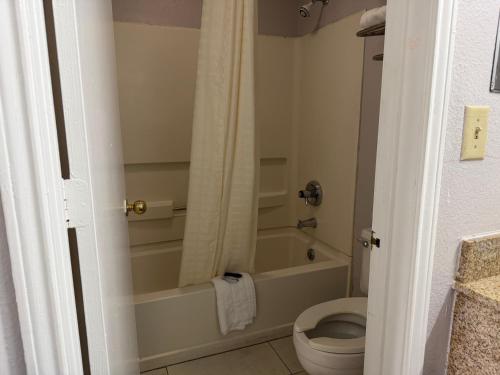 Key West Inn Chatsworth - photo 10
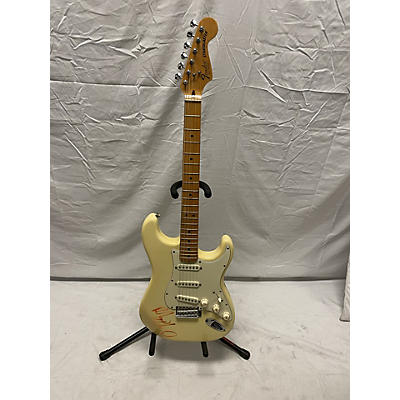 Fender Used Fender Dan Smith Stratocaster Vintage White Solid Body Electric Guitar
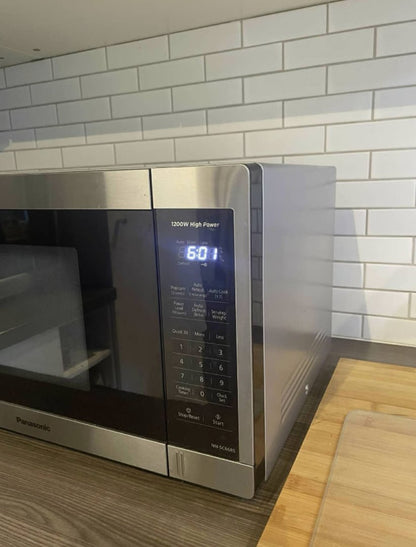 Microwave Oven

◆ PROBLEM STATEMENT ◆
Print every line above exactly as given, but not the pictures.

◆ ANSWER FOR THE TASK ◆
 Key West Inn Chatsworth - photo 10
 Fender Used Fender Dan Smith Stratocaster Vintage White Solid Body Electric Guitar
 Microwave Oven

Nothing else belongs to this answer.